(Your goal): Return exactly the span of lines in the following data that opens with the line containing "Immagine di Lega" and closes with the line containing "Amio ΛΑΜΠΑΚΙΑ ΠΛΑΦΟΝΙΕΡΑΣ". Include nothing else.

(Data):

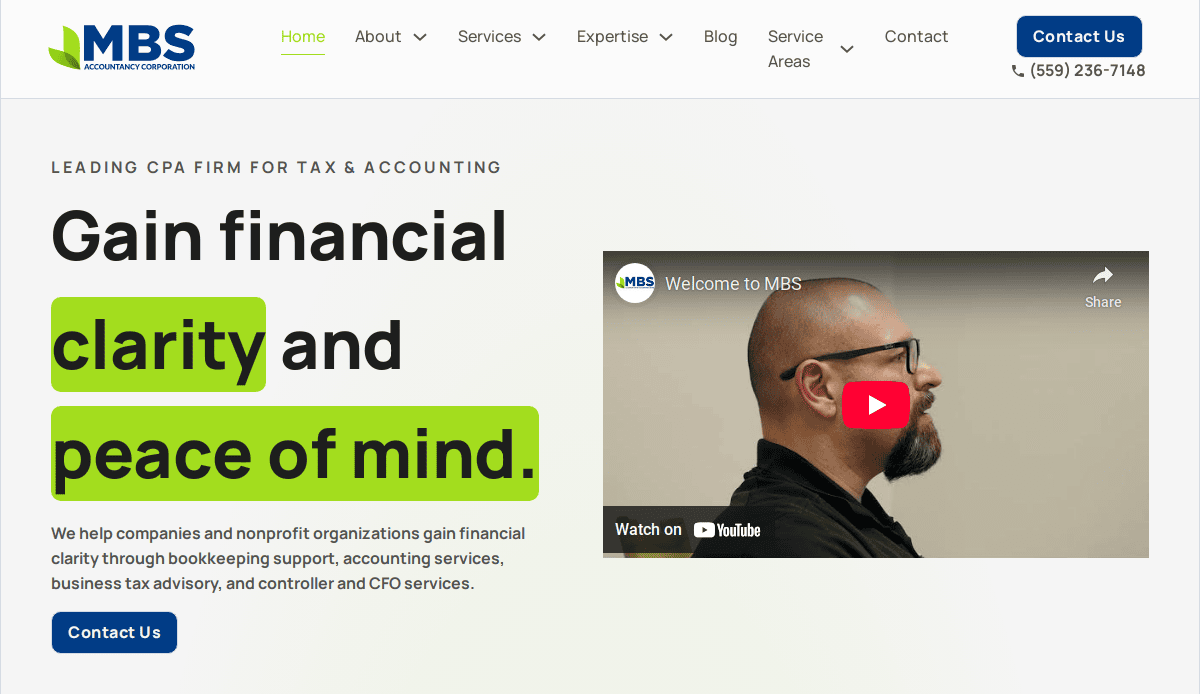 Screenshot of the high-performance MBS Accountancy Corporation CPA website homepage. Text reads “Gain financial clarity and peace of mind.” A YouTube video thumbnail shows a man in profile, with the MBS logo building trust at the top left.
...
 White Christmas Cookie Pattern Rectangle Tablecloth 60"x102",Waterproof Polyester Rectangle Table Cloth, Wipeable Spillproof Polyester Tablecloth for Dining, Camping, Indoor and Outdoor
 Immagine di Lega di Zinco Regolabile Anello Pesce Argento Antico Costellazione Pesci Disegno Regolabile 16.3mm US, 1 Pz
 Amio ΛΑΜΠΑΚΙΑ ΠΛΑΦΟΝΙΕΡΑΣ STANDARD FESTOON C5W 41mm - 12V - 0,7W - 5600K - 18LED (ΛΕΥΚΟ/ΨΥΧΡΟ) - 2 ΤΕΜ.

(Exercise response):
 Immagine di Lega di Zinco Regolabile Anello Pesce Argento Antico Costellazione Pesci Disegno Regolabile 16.3mm US, 1 Pz
 Amio ΛΑΜΠΑΚΙΑ ΠΛΑΦΟΝΙΕΡΑΣ STANDARD FESTOON C5W 41mm - 12V - 0,7W - 5600K - 18LED (ΛΕΥΚΟ/ΨΥΧΡΟ) - 2 ΤΕΜ.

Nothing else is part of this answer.